Cross of Valour
Description
Contains Illustrations
$2.95
ISBN 0-590-71510-0
Author
Publisher
Year
Contributor
Dave Jenkinson is a professor in the Faculty of Education at the University of Manitoba and the author of the “Portraits” section of Emergency Librarian.
Review
In 1972, Canada created its own series of awards for bravery. Since that time, the Cross of Valour, which is the nation’s highest decoration for heroism and is given only for acts of the most conspicuous courage in circumstances of extreme peril, has been awarded to just three women and eleven men. Four of the awards were made posthumously. Melady recreates each of the 11 incidents between 1969 and 1984 for which the Cross of Valour has been awarded.
The author’s research included visiting, where possible, the sites of the acts of bravery and interviewing those involved. The results of his work are generally quite readable, though some of the incidents, such as the 1969 engine room explosion aboard the Canadian destroyer Kootenay, were so complex that the events are difficult to follow in the relatively brief chapters. Black-and-white photographs of the heroes and heroines plus photos of the places, vehicles, or participants involved in the episodes attest that these are truly stories of fact, not fiction.
The calls to courage took place in six of Canada’s provinces, in the Atlantic and Pacific oceans, and in the air. Those who responded ranged in age from nineteen to sixty-three. Some heroes were in occupations which were intrinsically dangerous. Bob Teather, an RCMP diver, rescued two trapped fishermen from a capsized troller which was in peril of sinking. Gaston Langelier was the assistant director of security at the Laval Maximum Security Institution when a group of inmates staged a bloody jail break in 1978.

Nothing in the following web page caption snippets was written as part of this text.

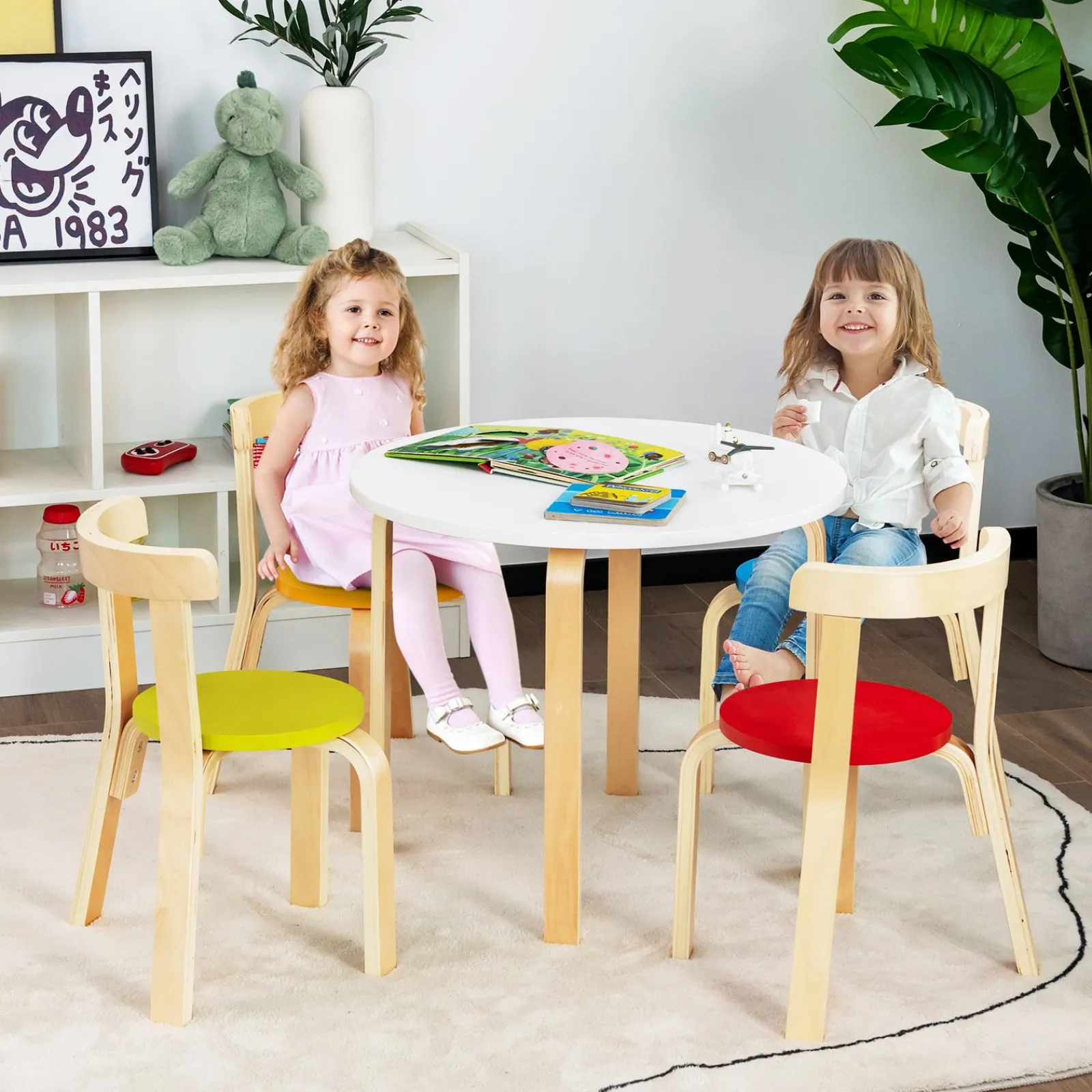 Little Helper Table & Chairs (wooden) | Childrens Eco Poplar & Birch Wood Round Table and 4 Ergonomic Chairs | 4 colour options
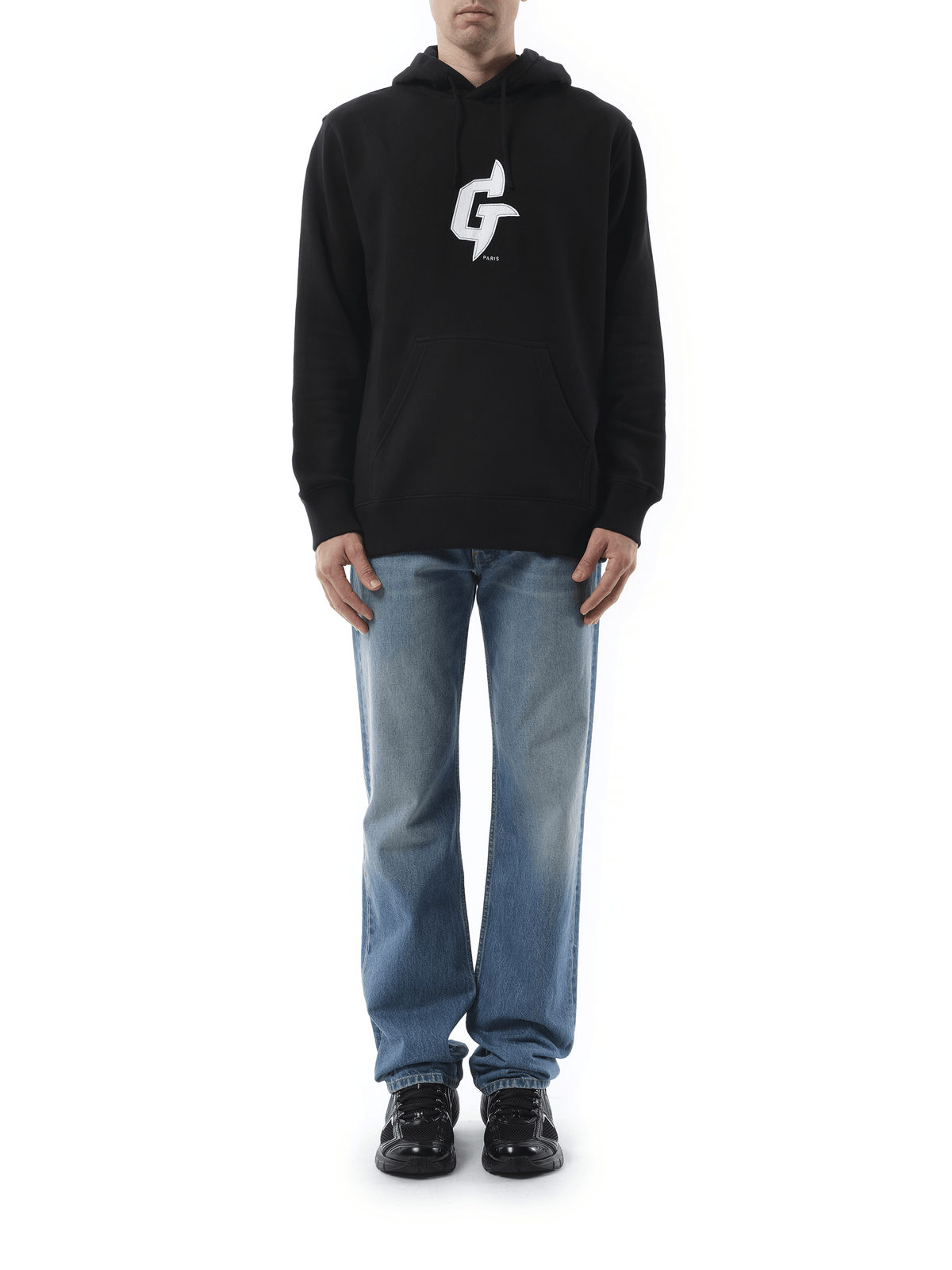 Givenchy Embroidered Eiffel Tower Motif Slim Fit Hoodie in Black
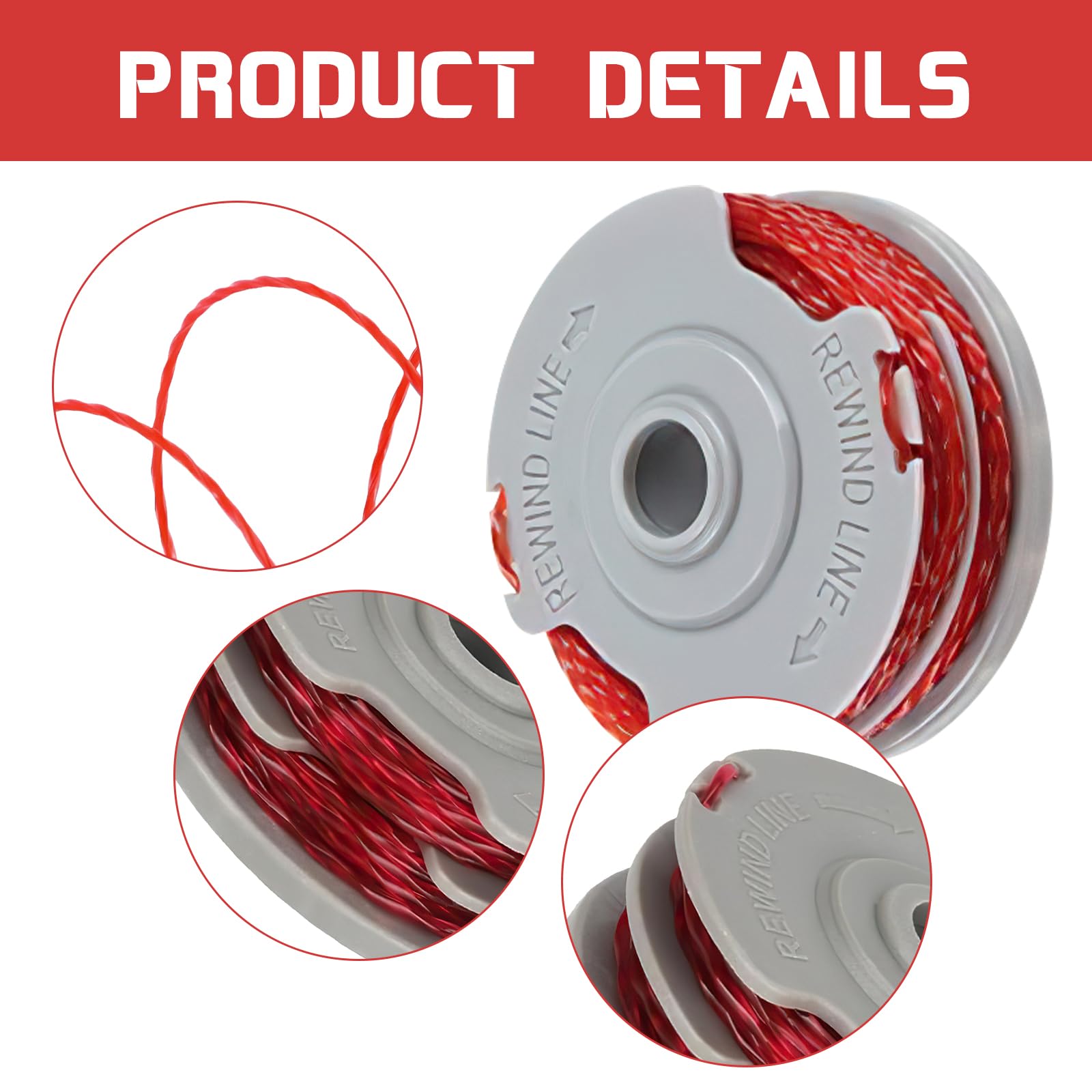4 PCS Strimmer Spool Compatible with Flymo, Contour xt Strimmer Spool, Strimmers Spools Line, Compatible with Fly mo Power/Mini/Trim Grass Trimmer, Standard 1.5mm Lawn Mower Replacement Spools — view 3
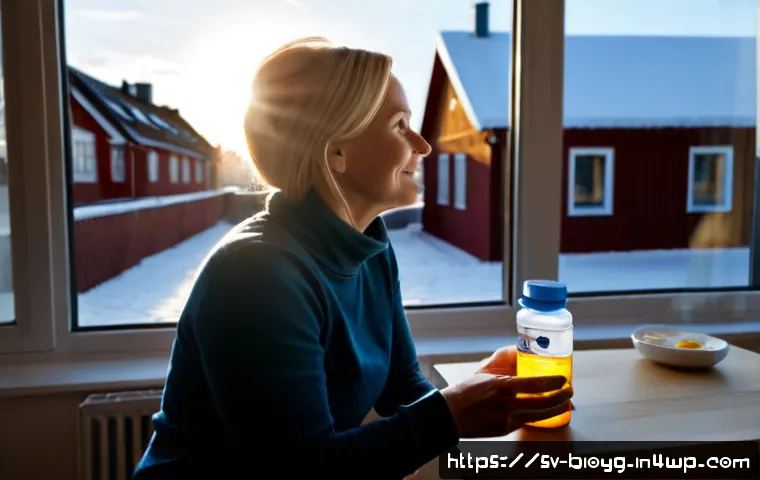 Home 13 바이오해킹을 위한 비타민 D 활용 - Photorealistic Nordic wellness scene in a bright Swedish apartment during winter, a healthy middle-a...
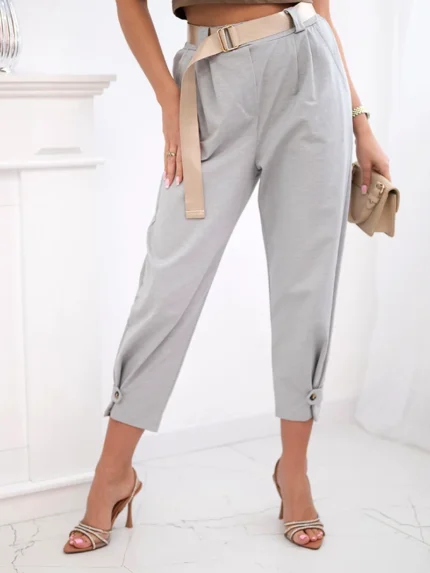 Spodnie Summer Punto z zapięciem na nogawkach szare
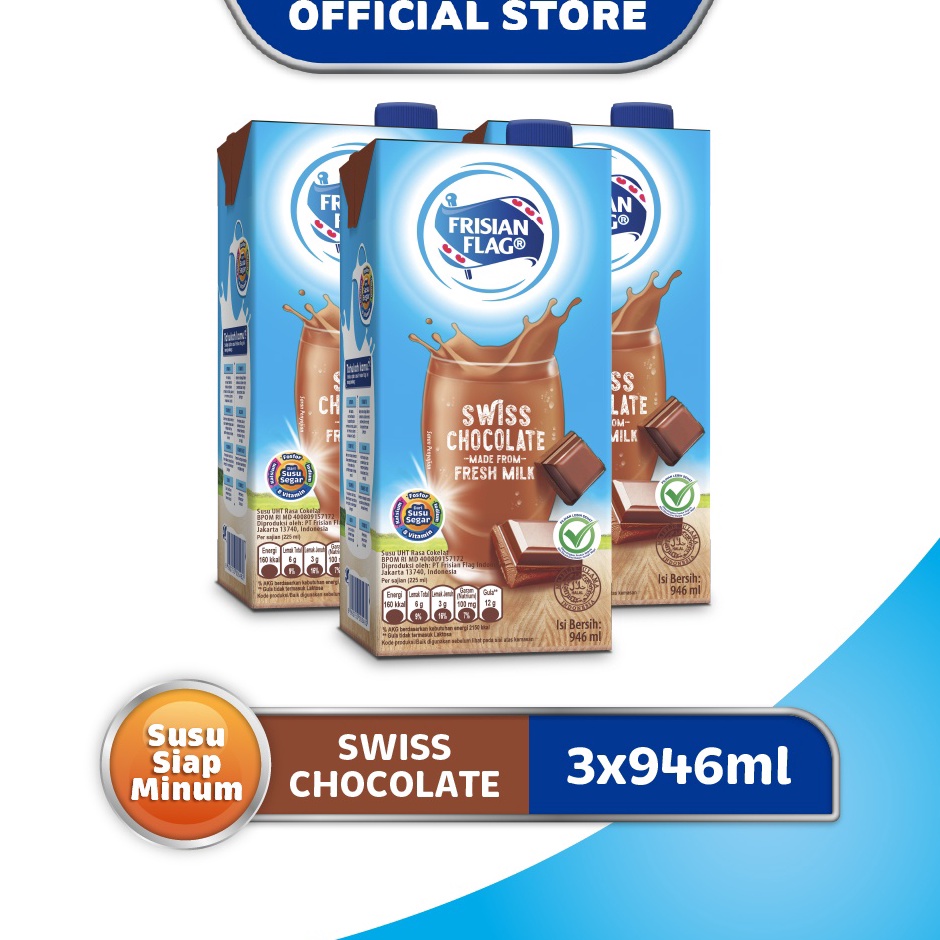 

TOP PRODUCT Q22 Frisian Flag Family UHT Swiss Chocolate 946 ml x 3 pcs ル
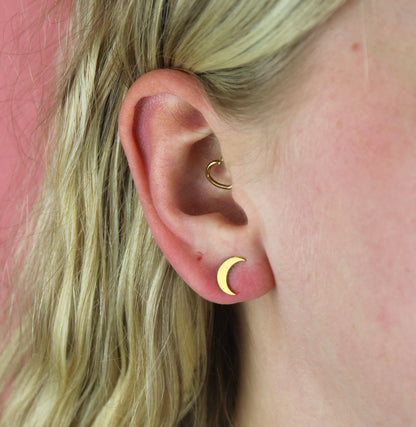 Star & Crescent Moon Stud Earrings (Gold Plated)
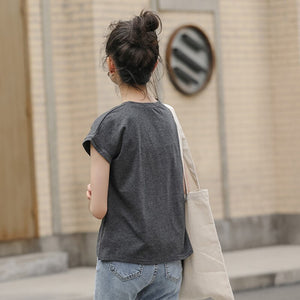 Summer T shirt Women Casual Solid O-Neck Tees Tops Short Sleeve T-shirt Harajuku Female Tshirt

Other individuals were ordinary until circumstances made them extraordinary. A hijacker was talked out of destroying a passenger-loaded Air Canada plane by Mary Dohey, the flight attendant. Three years later, Jean Swedberg died while saving the lives of a dozen people when a deliberately-set fire destroyed a hotel in Merritt, B.C. Thomas Hynes, 19, rescued his eight-year-old cousin Keith from an ice-covered pond in Newfoundland but drowned himself. These true stories of Canadian heroism should find a ready readership among preteens and teens as well as some adults.